WHAT TO DO:
Write the listing out again word for word, excluding any pictures.

MATERIAL FOR THIS TASK:
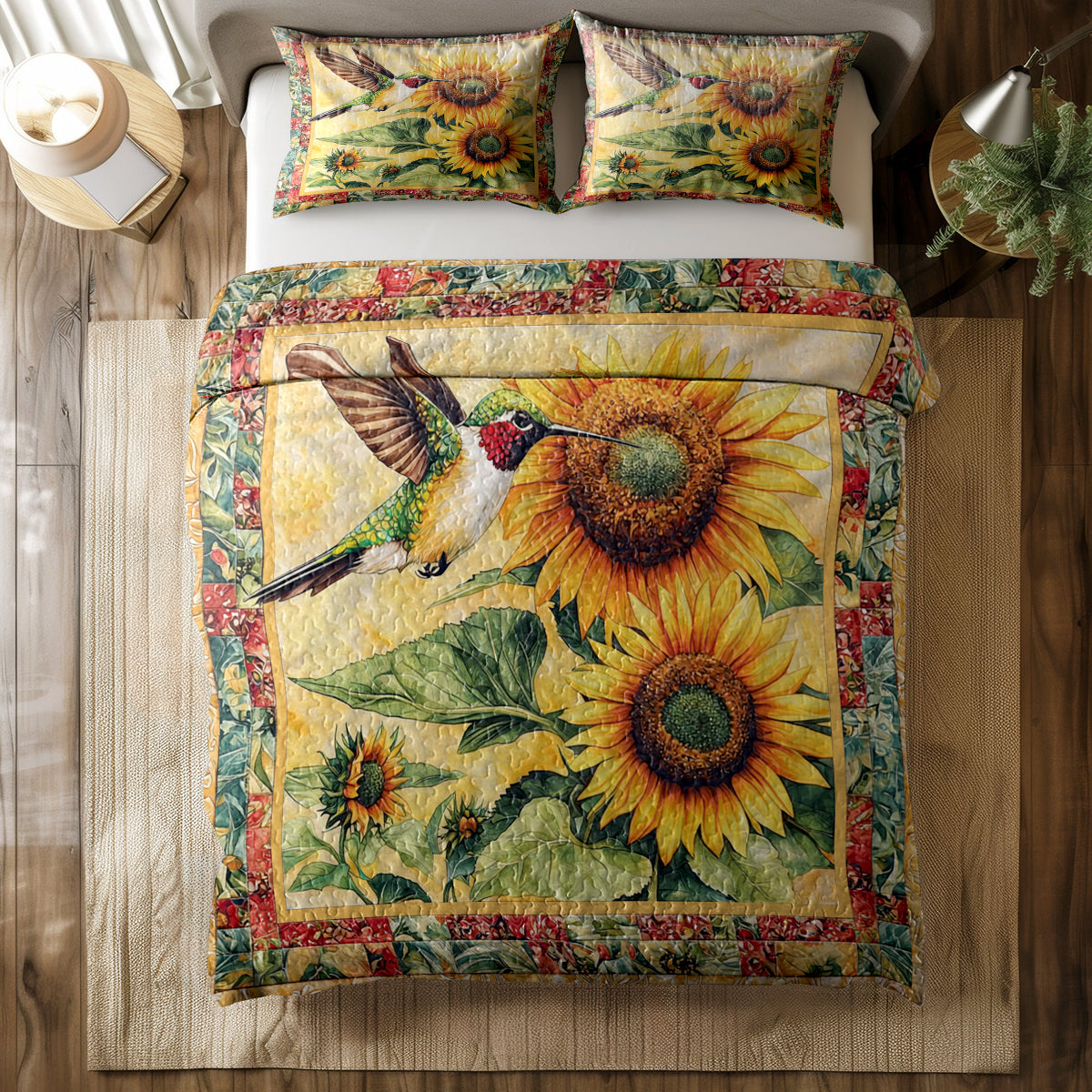 Shineful All Season Quilt 3-Piece Set Hummingbird And Sunflower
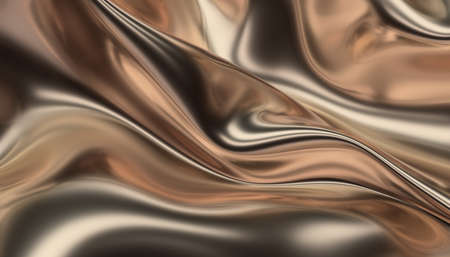Abstract 3d render, gold background design, wavy surfaceの写真素材
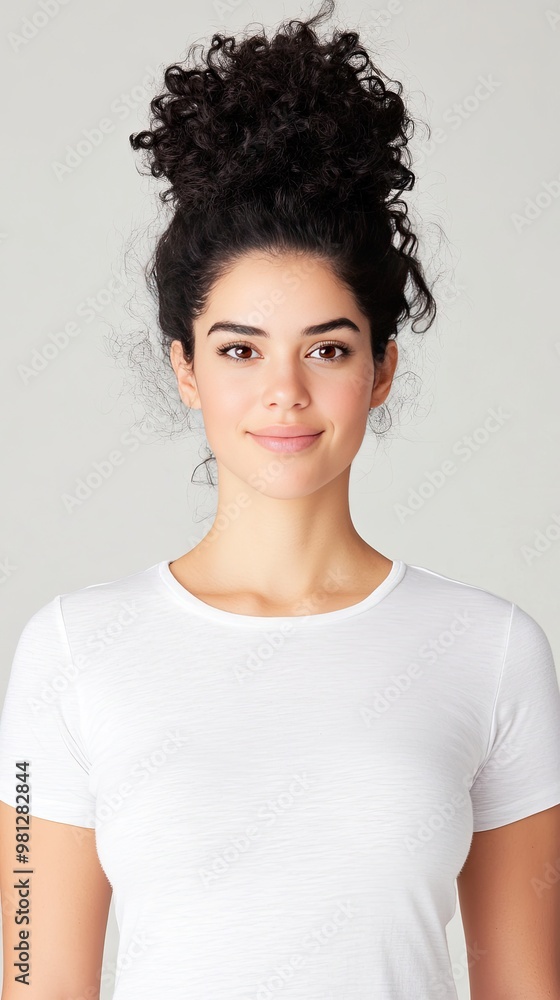 An attractive African American woman faces the camera with confidence, showcasing her flawless makeup and stylish white t-shirt, complemented by soft lighting An attractive African American woman faces the camera with confidence, showcasing her flawless makeup and stylish white t-shirt, complemented by soft lighting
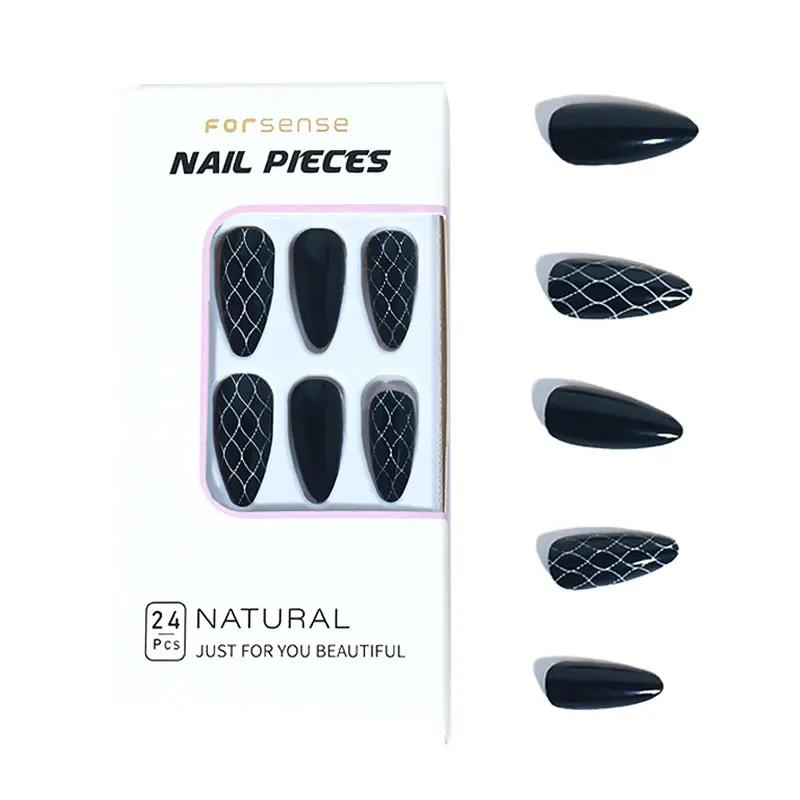 chic almond shape black press on nails women 24 pcs self-adhesive stiletto artificial finger press-on nail false nails with glue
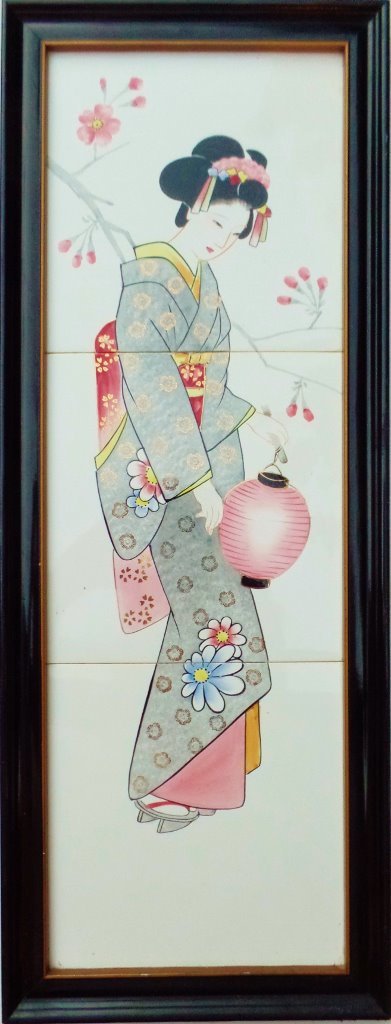 FRAMED ROYAL AVON WALL PLAQUE OF CHINESE FIGURE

EXERCISE SOLUTION:
 Shineful All Season Quilt 3-Piece Set Hummingbird And Sunflower
Abstract 3d render, gold background design, wavy surfaceの写真素材
 An attractive African American woman faces the camera with confidence, showcasing her flawless makeup and stylish white t-shirt, complemented by soft lighting An attractive African American woman faces the camera with confidence, showcasing her flawless makeup and stylish white t-shirt, complemented by soft lighting
 chic almond shape black press on nails women 24 pcs self-adhesive stiletto artificial finger press-on nail false nails with glue
 FRAMED ROYAL AVON WALL PLAQUE OF CHINESE FIGURE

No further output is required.